─── Given data

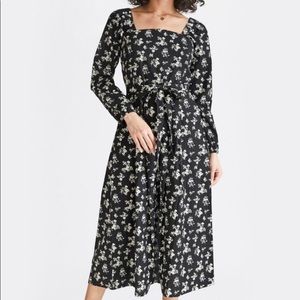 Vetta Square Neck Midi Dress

──────
─── Given data

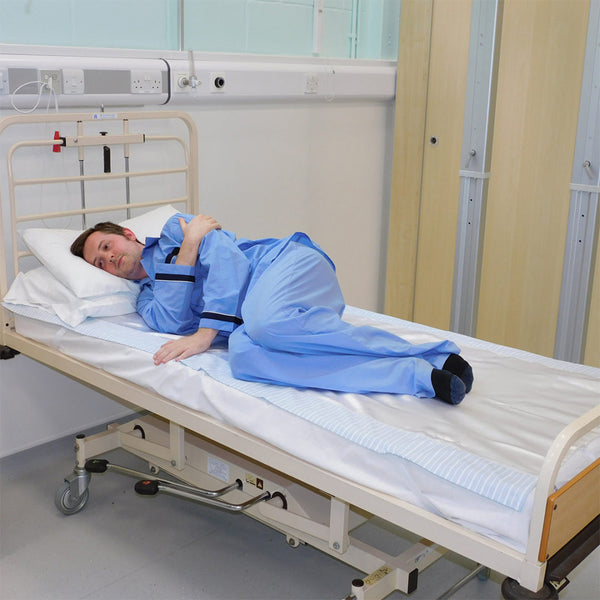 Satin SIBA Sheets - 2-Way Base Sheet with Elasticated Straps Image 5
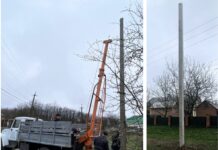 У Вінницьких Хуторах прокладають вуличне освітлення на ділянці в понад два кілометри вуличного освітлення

──────

# Exercise goal
Drop the pictures; return the lines above from the line containing "Satin SIBA Sheets" to the line containing "У Вінницьких Хуторах", both included, exactly.

# Task solution
 Satin SIBA Sheets - 2-Way Base Sheet with Elasticated Straps Image 5
 У Вінницьких Хуторах прокладають вуличне освітлення на ділянці в понад два кілометри вуличного освітлення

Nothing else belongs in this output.